▶ [Records supplied]:
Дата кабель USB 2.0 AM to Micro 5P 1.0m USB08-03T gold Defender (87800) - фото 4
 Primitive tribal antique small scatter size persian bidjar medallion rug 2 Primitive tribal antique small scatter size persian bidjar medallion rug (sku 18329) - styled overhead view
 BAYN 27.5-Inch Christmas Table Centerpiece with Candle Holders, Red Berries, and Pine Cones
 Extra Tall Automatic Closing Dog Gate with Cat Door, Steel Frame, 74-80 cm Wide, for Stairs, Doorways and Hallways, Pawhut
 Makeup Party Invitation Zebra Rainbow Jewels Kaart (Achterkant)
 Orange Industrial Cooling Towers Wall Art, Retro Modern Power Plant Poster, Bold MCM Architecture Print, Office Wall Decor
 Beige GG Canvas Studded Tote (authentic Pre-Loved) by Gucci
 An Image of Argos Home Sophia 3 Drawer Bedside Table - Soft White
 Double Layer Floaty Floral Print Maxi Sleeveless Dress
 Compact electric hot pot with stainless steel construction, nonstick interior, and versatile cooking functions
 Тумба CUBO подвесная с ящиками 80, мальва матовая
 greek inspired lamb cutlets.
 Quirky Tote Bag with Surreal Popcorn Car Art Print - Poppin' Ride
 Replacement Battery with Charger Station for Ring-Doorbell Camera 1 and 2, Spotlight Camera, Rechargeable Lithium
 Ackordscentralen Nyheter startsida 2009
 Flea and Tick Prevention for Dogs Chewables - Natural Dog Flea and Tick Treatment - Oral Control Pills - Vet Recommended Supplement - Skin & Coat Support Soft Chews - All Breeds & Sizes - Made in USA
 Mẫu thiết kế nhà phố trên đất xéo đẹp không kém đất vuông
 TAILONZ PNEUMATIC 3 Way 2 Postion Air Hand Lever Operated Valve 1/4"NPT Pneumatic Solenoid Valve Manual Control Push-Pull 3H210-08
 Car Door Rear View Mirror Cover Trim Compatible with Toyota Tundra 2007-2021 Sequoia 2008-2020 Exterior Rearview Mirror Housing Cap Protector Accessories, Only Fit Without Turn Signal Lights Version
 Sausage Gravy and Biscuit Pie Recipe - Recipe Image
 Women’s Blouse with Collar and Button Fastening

▶ [Work required]:
Please copy nothing but the lines from the one that holds "Quirky Tote Bag" through the last line of the material above, exactly as written.

▶ [Result]:
 Quirky Tote Bag with Surreal Popcorn Car Art Print - Poppin' Ride
 Replacement Battery with Charger Station for Ring-Doorbell Camera 1 and 2, Spotlight Camera, Rechargeable Lithium
 Ackordscentralen Nyheter startsida 2009
 Flea and Tick Prevention for Dogs Chewables - Natural Dog Flea and Tick Treatment - Oral Control Pills - Vet Recommended Supplement - Skin & Coat Support Soft Chews - All Breeds & Sizes - Made in USA
 Mẫu thiết kế nhà phố trên đất xéo đẹp không kém đất vuông
 TAILONZ PNEUMATIC 3 Way 2 Postion Air Hand Lever Operated Valve 1/4"NPT Pneumatic Solenoid Valve Manual Control Push-Pull 3H210-08
 Car Door Rear View Mirror Cover Trim Compatible with Toyota Tundra 2007-2021 Sequoia 2008-2020 Exterior Rearview Mirror Housing Cap Protector Accessories, Only Fit Without Turn Signal Lights Version
 Sausage Gravy and Biscuit Pie Recipe - Recipe Image
 Women’s Blouse with Collar and Button Fastening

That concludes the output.